The response measures were numbers of neurons coexpressing combinations of two immunohistochemical markers: c-Fos(immediate-early gene, IEG, neuronal activity marker) and TH (tyrosine hydroxlase, catecholamine neuron marker), c-Fos and Pax2 (inhibitory spinal neuron marker), and c-Fos and EGR-1 (alternate IEG marker also known as Zif268). Neuron counts were grouped using three nested within-subject factors: Segment (lumbosacral spinal cord segments L5 | L6 | S1 | S2), Section (ordered series of 20 sections, 5 per segment), and Region (11 spinal cord regions identified by Watson et al., 2009). Neurons were counted using ImageJ FIJI Cell Counter plugin, where a marker (denoting an xy coordinate) was designated for each positive cell. To avoid double‐counting neurons, every fourth section was analyzed for each antibody combination (160 μm between sections).
Completeness: The dataset is a part of the larger study: "Peripheral connectome of the rat lower urinary tract"
Subjects & Samples: Adult male (n=12) and female (n=12) Sprague‐Dawley rats (Biomedical Sciences Animal Facility, University of Melbourne) aged 8–9 weeks were used in this study. Standard urodynamic parameters were recorded on live, awake, and unrestrained animals. Samples of the spinal cord were collected from fixed tissues in a series of 40 µm transverse sections through lumbosacral segments: L5, L6, S1, and S2 (5 sections per segment).

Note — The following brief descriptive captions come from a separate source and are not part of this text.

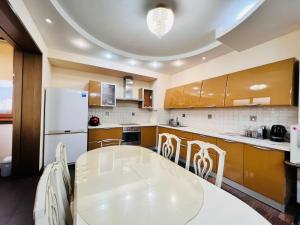 阿拉木图MegaTowers的厨房配有白色桌子和白色冰箱。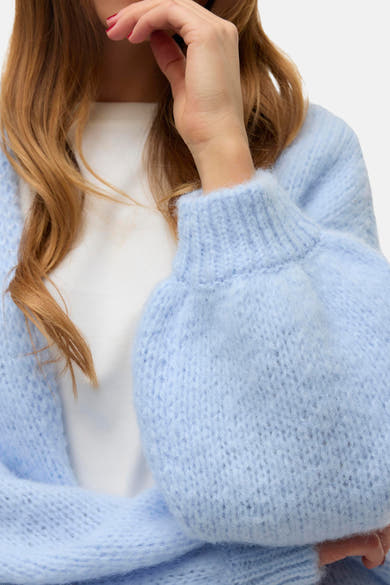 Cardigan bleu clair de VERO MODA, en tricot épais avec manches bouffantes, porté sur un t-shirt blanc.
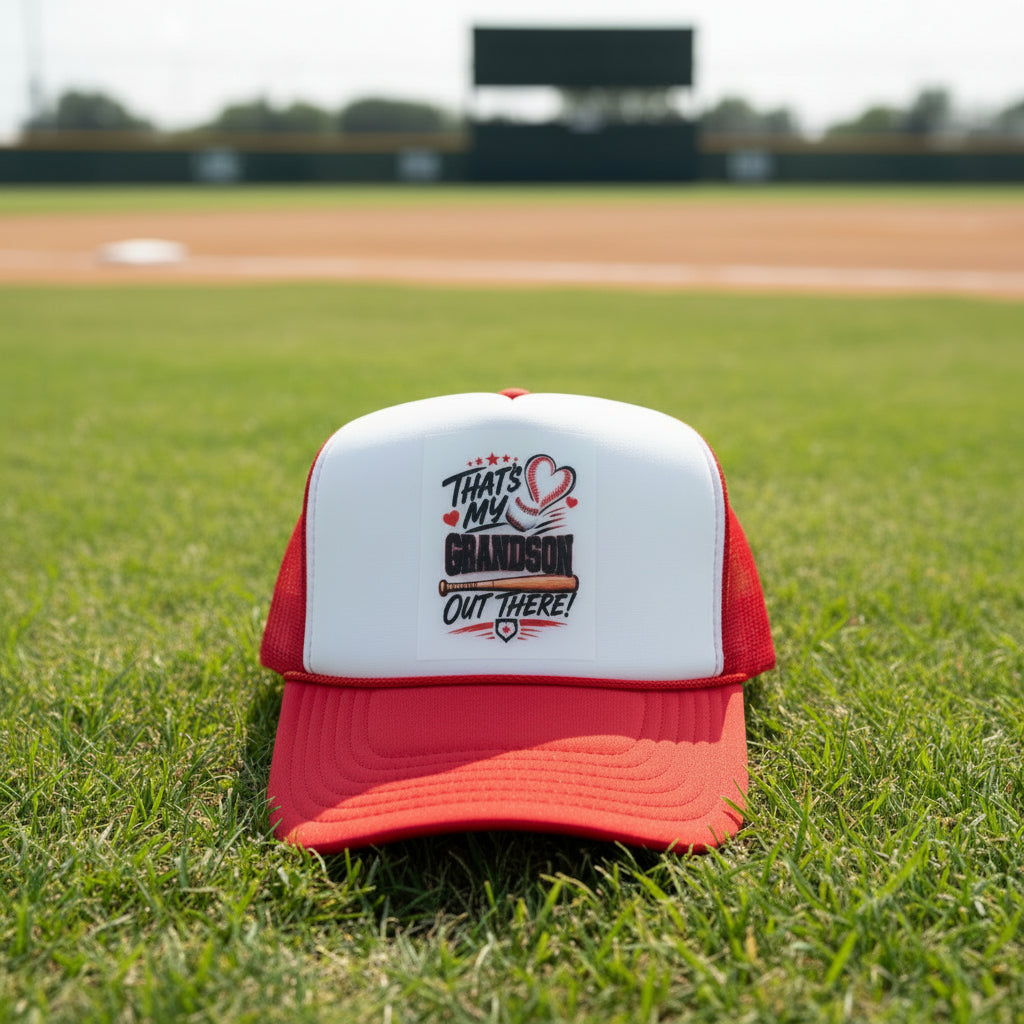 A red and white trucker hat with a custom graphic on the front panel that reads 'THAT'S MY GRANDSON OUT THERE!' with a heart and bat design. The brim has a visible OTTO foam patch.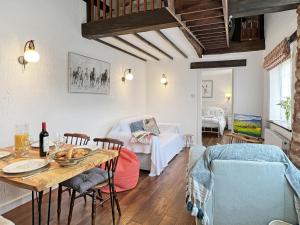 a living room with a table and a couch at Stables Cottage Ellicombe in Minehead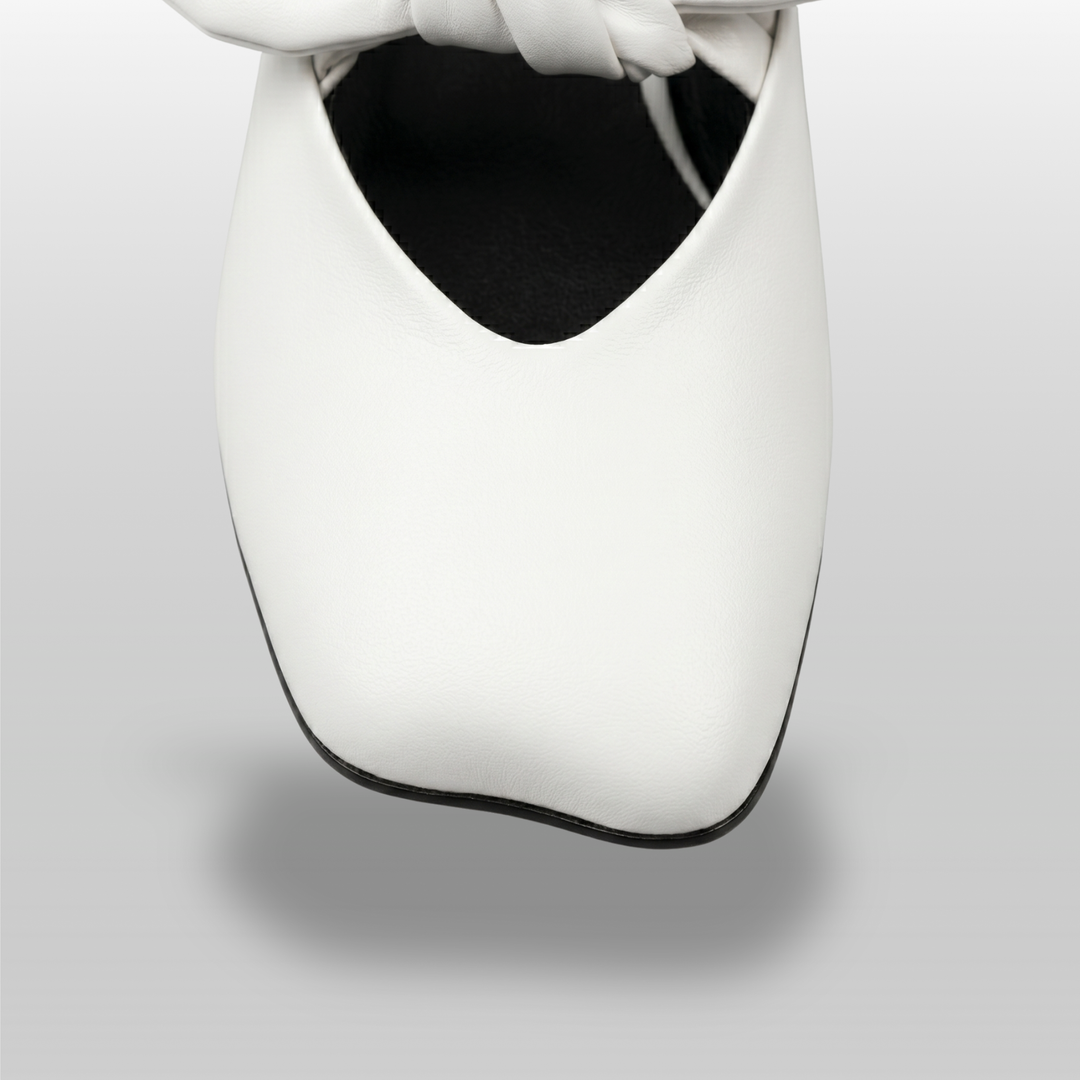 Bianca Knot Mule in Bianco Latte toe detail with three-dimensional sculptural leather knot and soft square toe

Primary vs. Derived: Data in the primary folder are divided by subject, then by the type of experimental output: microscopic images-in .czi format, cellcount- in .XLM format, and cystometry in .adicht file format. Image data (JPEG2000 and OME-TIFF) in the derivative folder was derived from primary images (.czi). The primary images were converted with 40:1 compression to JPEG2000 (.jp2) by MBF Bioscience for web streaming and visualization on the SPARC Data Portal. The primary images were also converted with lossless compression to OME-TIFF (.tif) by MBF Bioscience. Microscopy image metadata is included in the file header of all .jp2 and .tif in the derivative folder, as indicated on the manifest.R17-164-TissueMakerStack.jpx, R18-312-TissueMakerStack.jpx, and R19-422-TissueMakerStack.jpx were created in TissueMaker (RRID:SCR_017322) by aligning individual primary czi image planes together into a three-dimensional image stack. JPX image stacks have 40:1 lossy compression. JPX image stacks were converted to OME-TIFF format (lossless) by MBF Bioscience.